Recently, convolutional neural networks (CNNs) have been widely applied to LF image SR and demonstrated superior performance over traditional paradigms [1, 34, 44, 49, 64]. To incorporate the complementary information (i.e., angular information) from different views, existing CNNs adopted various mechanisms such as adjacent-view combination [73], view-stack integration [26, 78, 79], bidirectional recurrent fusion [59], spatial-angular disentanglement [36, 60, 61, 72, 9], and 4D convolutions [42, 43]. However, as illustrated in both Fig.Β 1 and Sec.Β 4.3, existing methods achieve promising results on LFs with small baselines, but suffer a notable performance drop when handling scenes with large disparity variations.

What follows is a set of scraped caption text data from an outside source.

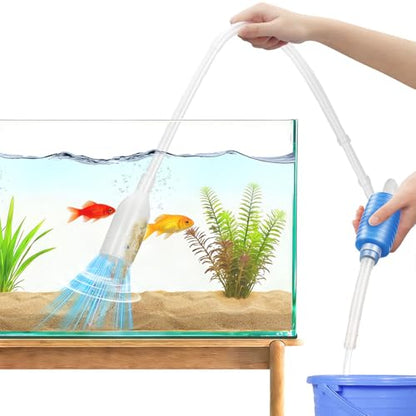Fish Tank Gravel Cleaning Tools Aquarium Cleaner Hand Siphon Vacuum Pump Water Changer Turtle Tank Accessories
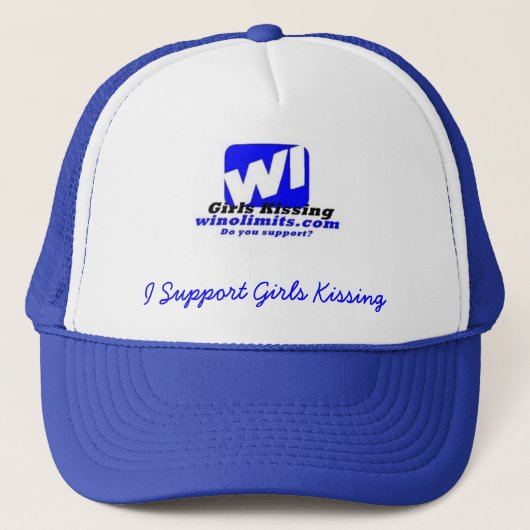 wigknewlogoblue, ik steun Girls K.. - Gepersonalis Trucker Pet (Voorkant)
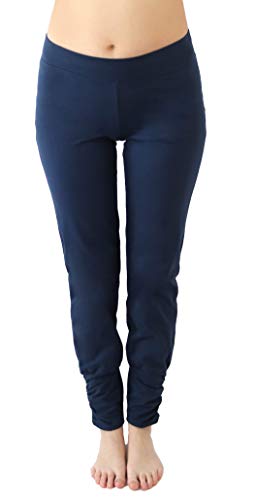Leela Cotton Damen Yoga-Hose Bio-Baumwolle/Elasthan (L, Navy) von Leela Cotton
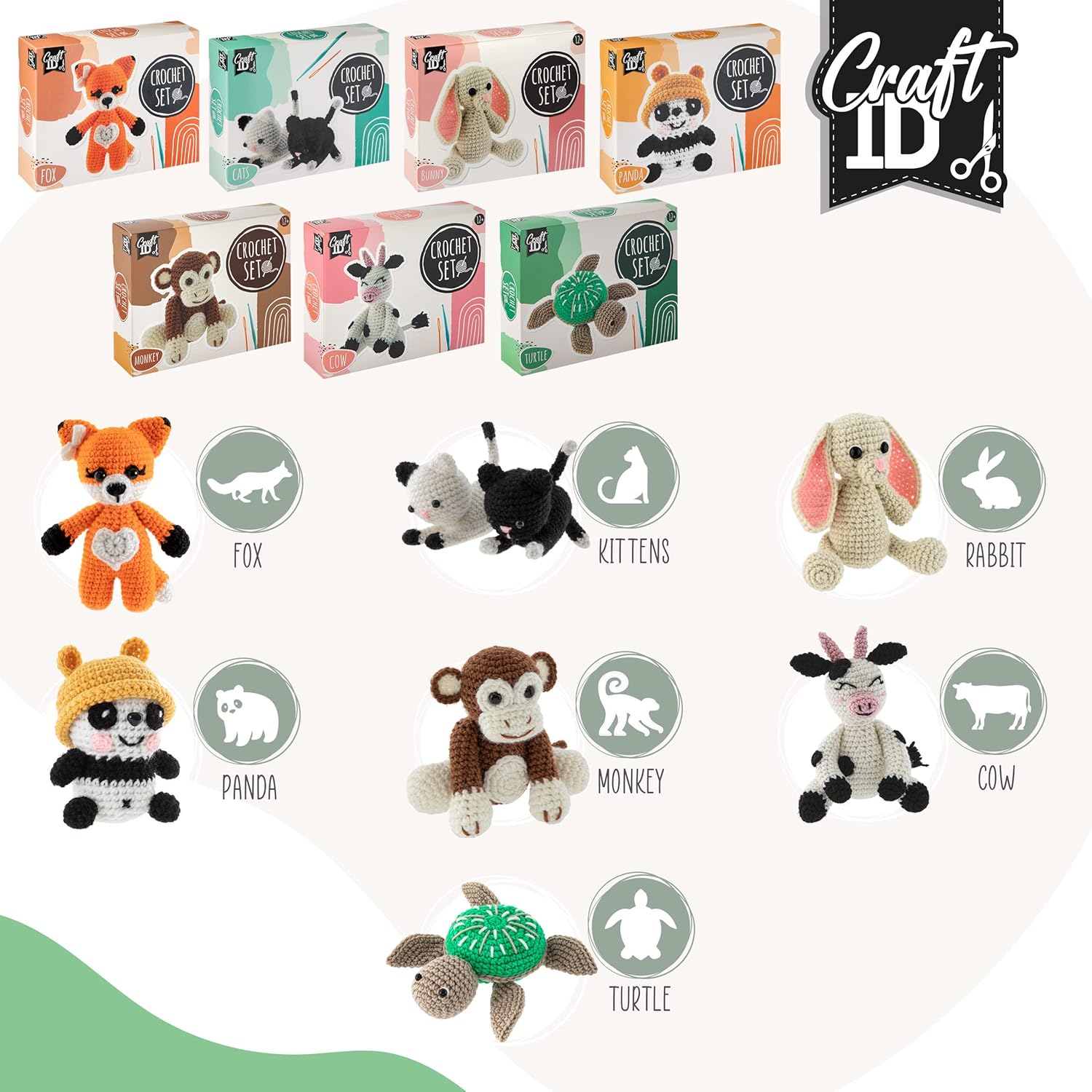 Craft ID Turtle Crochet Set, Amigurumi Set, Crochet Package, Children and Adults, Crochet Packages, Cuddly Toys, Crochet Set, Animals, Experienced Crochet Kit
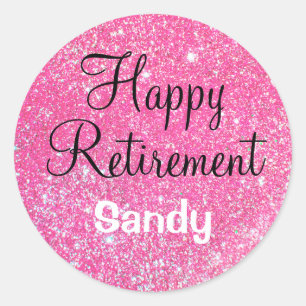 Glamorös lycklig pension glittrande het rosa runt klistermärke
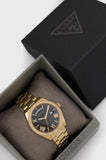 Guess Luna Diamonds Black Dial Gold Steel Strap Watch for Women - GW0307L2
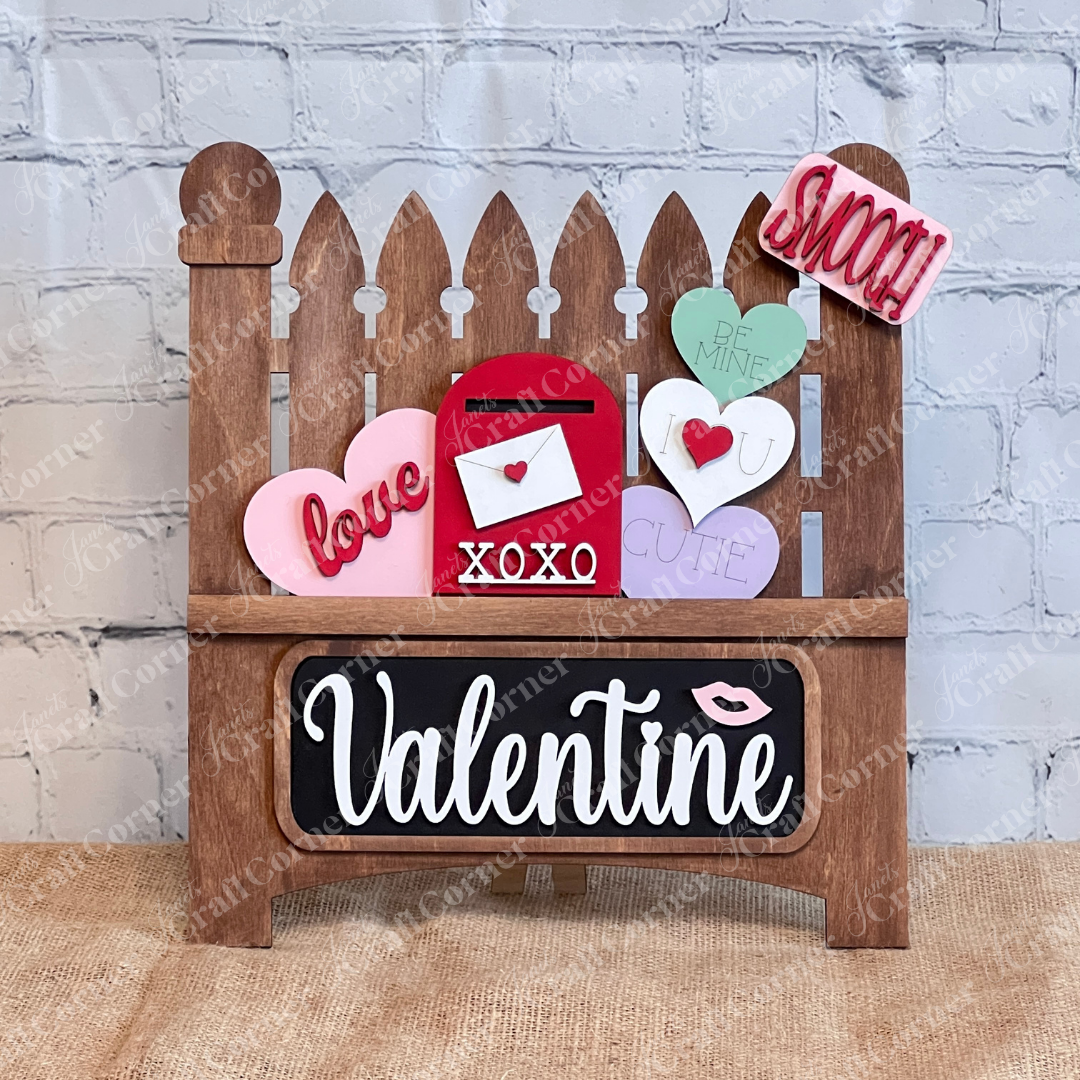 The Valentine Mailbox Interchangeable Insert by Janet's Craft Corner is a DIY seasonal decor kit with 3 pieces, perfect for Valentine's Day home crafts and customizable displays.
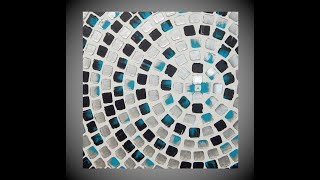 Abstract Painting textured painting Acrylic painting Squares Art Silver Turquoise by ilonka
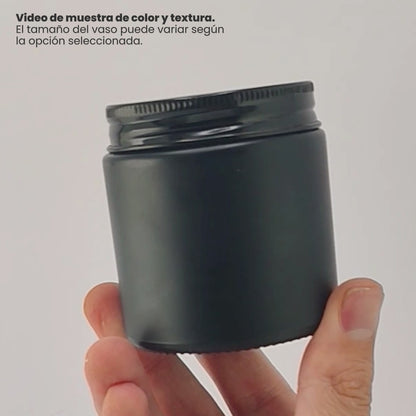 130ml - Miami Vaso de vidrio con rosca para velas - Frasco Negro con tapa negra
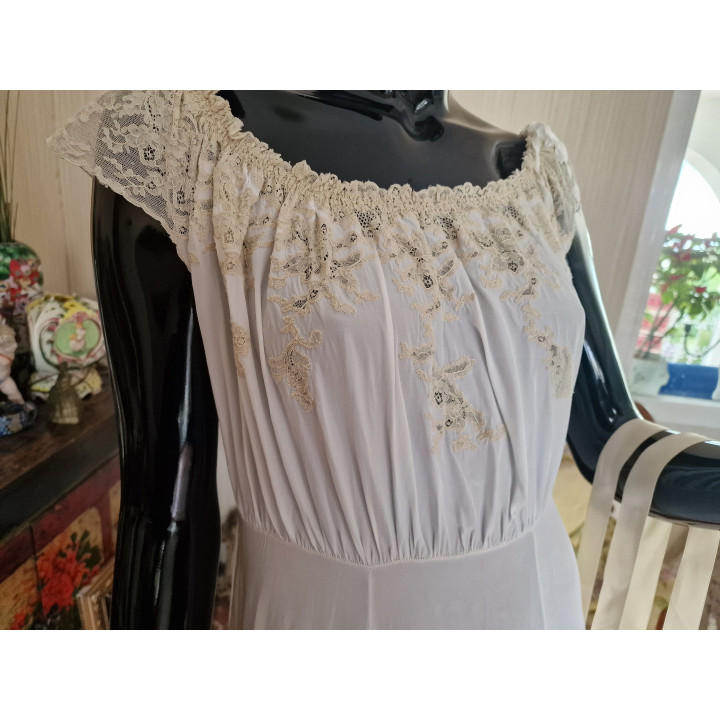 Camicia da Notte Antica in Seta Belle Époque (1900-1909)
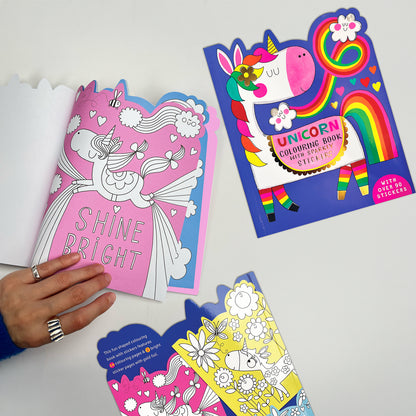 Unicorn Die-Cut Colouring Book With Stickers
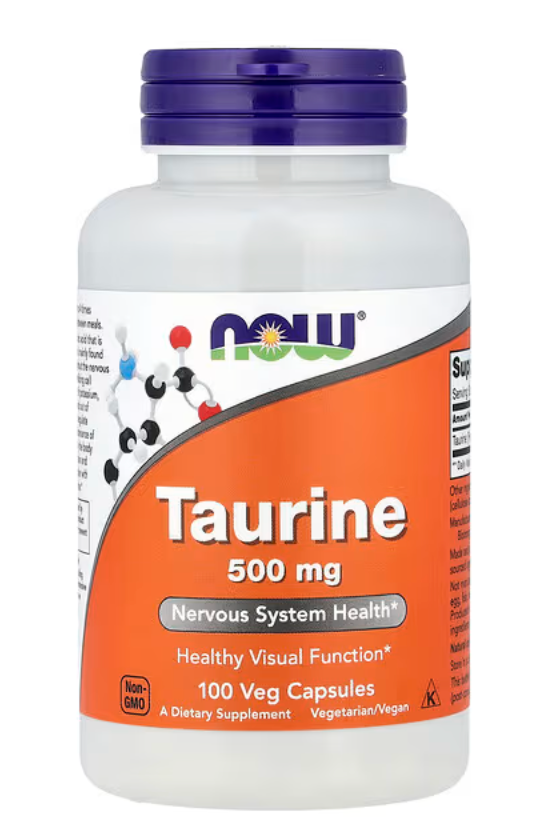NOW Foods, Taurine, 500 mg, 100 Veg Capsules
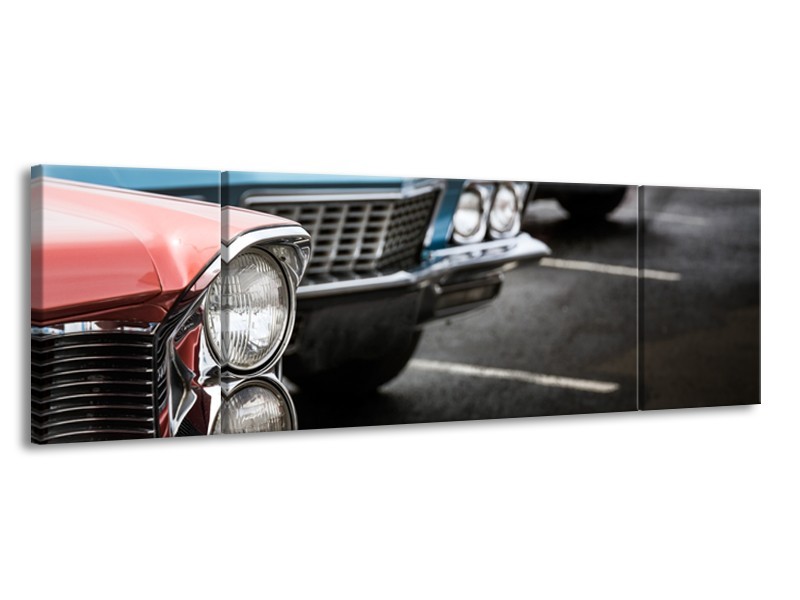 Glasschilderij Oldtimer, Auto | Zwart, Blauw, Rood | 170x50cm 3Luik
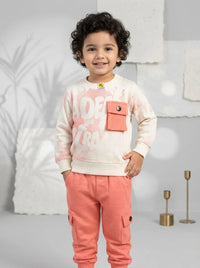 Boys Casual Pocket Sweatshirt with Cargo Trouser Set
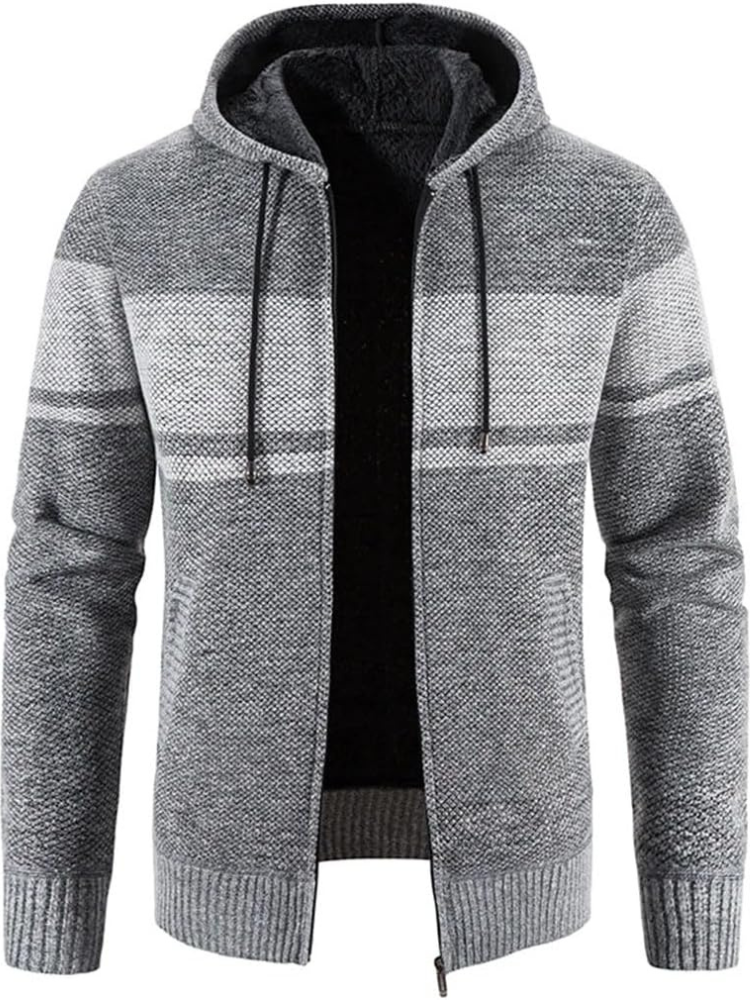 Mens Fleece Jacket with Hood and Drawstring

We attribute this performance drop to the contradictions between the local receptive field of CNNs and the requirement of incorporating non-local spatial-angular correlation in LF image SR. That is, LF images provide multiple observations of a scene from a number of regularly distributed viewpoints, and a scene point is projected onto different but correlated spatial locations on different angular views, which is termed as the spatial-angular correlation. Note that, the spatial-angular correlation has the non-local property since the difference between the spatial locations of two views (i.e., disparity value) depends on several factors (e.g., angular coordinates of the selected views, the depth value of the scene point, the baseline length of the LF camera, and the resolution of LF images), and can be very large in some situations. Consequently, it is appealing for LF image SR methods to incorporate complementary information from different views by exploiting the spatial-angular correlation under large disparity variations.

In this paper, we propose a simple yet effective method to learn the non-local spatial-angular correlation for LF image SR. In our method, we re-organize 4D LFs as multiple 2D epipolar plane images (EPIs) to manifest the spatial-angular correlation to the line patterns with different slopes. Then, we develop a Transformer-based network called EPIT to learn the spatial-angular correlation by modeling the dependencies between each pair of pixels on EPIs. Specifically, we design a basic Transformer block to alternately process horizontal and vertical EPIs, and thus progressively incorporate the complementary information from all angular views. Compared to existing LF image SR methods, our method can achieve a global receptive field along the epipolar line, and thus performs robust to disparity variations.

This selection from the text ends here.